:: Data segment ::
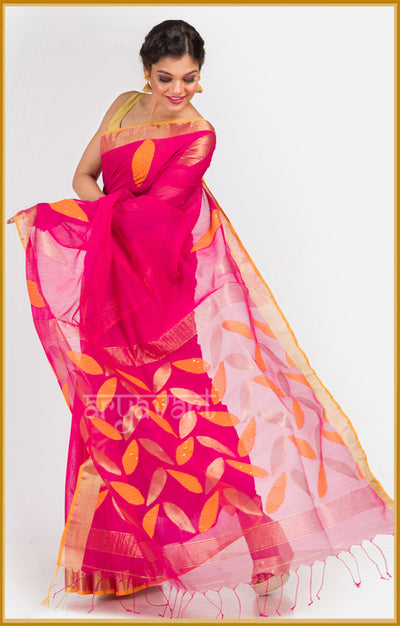 Tomato Red Saree with jamdani handwoven petal design & woven in sequence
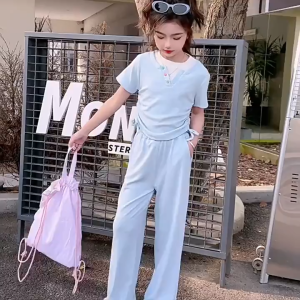【Sweet Kids】New Terno For Kids Girl Kids Suit 6-15YRS Short Sleeve Wide-Leg Pants Cotton Soft Summer Candy Terno Summer Suits Fashion Two-piece Set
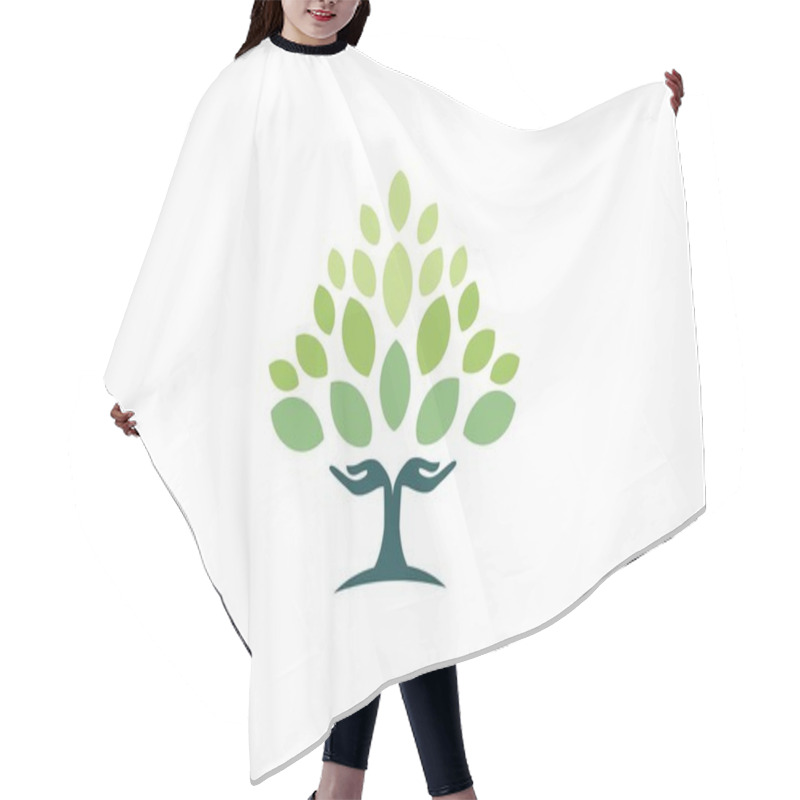 Personality  Tree Hand Natural Logo,wellness Yoga Health Symbol Icon Design Vector Hair Cutting Cape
:::
About this exercise – Set the data above down again exactly as given, with no pictures.

Exercise response –
 Tomato Red Saree with jamdani handwoven petal design & woven in sequence
【Sweet Kids】New Terno For Kids Girl Kids Suit 6-15YRS Short Sleeve Wide-Leg Pants Cotton Soft Summer Candy Terno Summer Suits Fashion Two-piece Set
 Personality  Tree Hand Natural Logo,wellness Yoga Health Symbol Icon Design Vector Hair Cutting Cape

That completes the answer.